Frischwasserstation — Hygienische Warmwasserbereitung im Durchlaufprinzip
Frischwasserstation statt Warmwasserspeicher: Hygiene ohne 60-°C-Pflicht, Schüttleistung, Puffertemperatur und ehrliche Kosten in WP-Anlagen.
Eine Frischwasserstation erwärmt Trinkwasser erst in dem Moment, in dem gezapft wird: Ein Plattenwärmetauscher überträgt die Wärme aus dem Heizungspuffer im Durchfluss — bevorratet wird ausschließlich Heizungswasser, kein Trinkwasser. Damit entfällt das klassische Legionellen-Risiko stehenden Warmwassers samt 60-°C-Regime. Der Preis: Die Station braucht einen ausreichend heißen Puffer, eine sauber berechnete Schüttleistung und kostet mehr als ein einfacher Speicher.
Das Wichtigste in Kürze
- Prinzip: Trinkwasser wird im Durchfluss erwärmt; in der Station stehen nur wenige Liter Trinkwasser — der Puffer enthält Heizungswasser.

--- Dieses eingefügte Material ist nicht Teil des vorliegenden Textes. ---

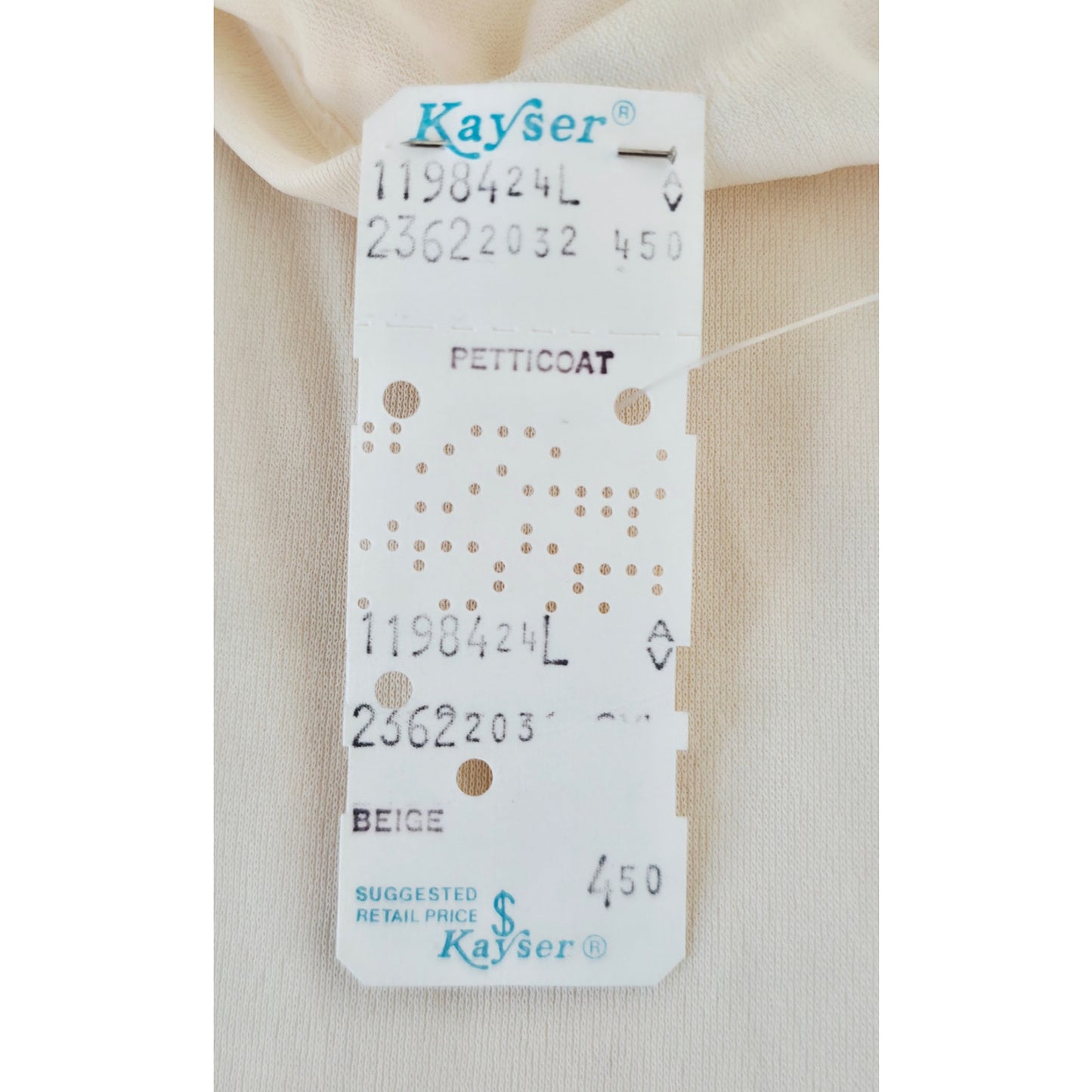 VINTAGE *NEW* 1960's Kayser Women's Beige Slip with Lace Trim Size L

- Hygiene: Ohne bevorratetes Warmwasser entfallen Speichertemperatur-Pflicht und thermische Desinfektion; Legionellen vermehren sich vor allem in stehendem Wasser zwischen 25 und 45 °C.

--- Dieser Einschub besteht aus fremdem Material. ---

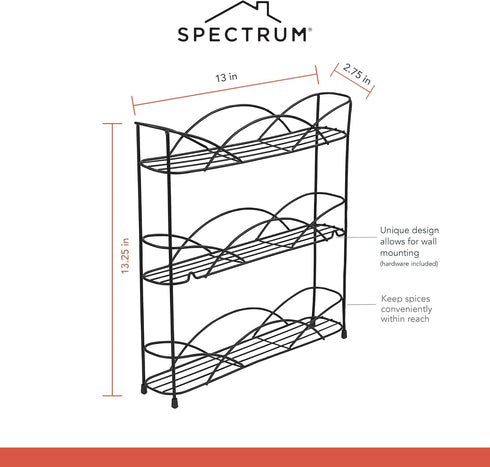 Spectrum Diversified 3-Tier Spice Rack Shelf Organizer for Kitchen Countertop, Pantry, Bathroom, or Closet with Optional Wall Mount, Black...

- Anforderung 1 — Schüttleistung: 20 l/min bei 45 °C erfordern rund 49 kW Momentanleistung — sie kommt aus dem Puffer, nicht aus der Wärmepumpe.

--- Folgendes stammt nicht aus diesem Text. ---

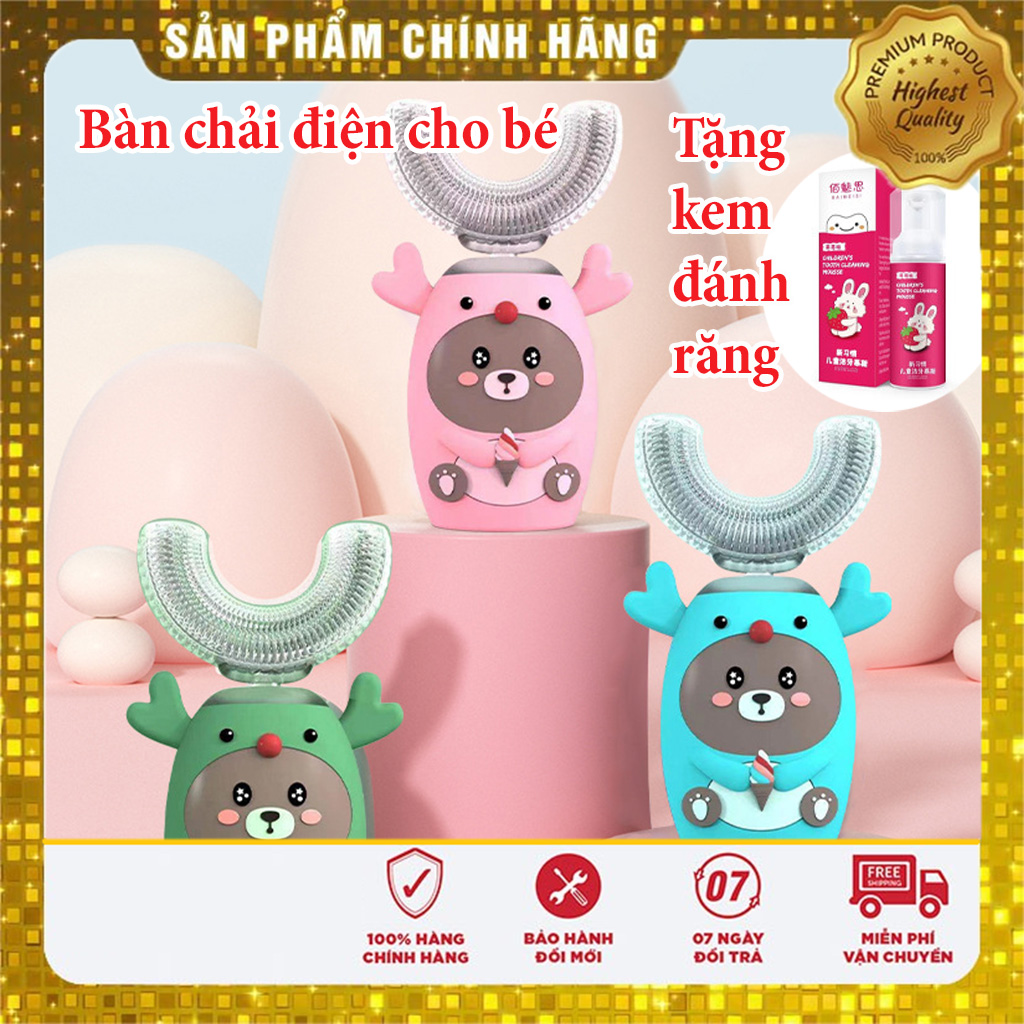 Bàn chải điện cho bé V6 chữ U, công nghệ châu Âu, cho bé lười đánh răng, tặng kèm kem đánh răng tạo bọt nuốt được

- Anforderung 2 — Puffertemperatur: oben dauerhaft 50–55 °C (Zapftemperatur + 5–8 K Grädigkeit des Wärmetauschers).
- Wirtschaftlich ist die Station selten die günstigste Lösung — ihr Mehrwert ist Hygiene und Komfort, besonders im Mehrfamilienhaus.
So funktioniert die Frischwasserstation
Kernstück ist ein Edelstahl-Plattenwärmetauscher. Primärseitig fördert eine drehzahlgeregelte Pumpe heißes Pufferwasser durch den Tauscher, sekundärseitig strömt Kaltwasser im Gegenstrom hindurch und verlässt die Station mit Solltemperatur (typisch 45–48 °C). Ein Regler passt die Primärmenge laufend an die Zapfmenge an.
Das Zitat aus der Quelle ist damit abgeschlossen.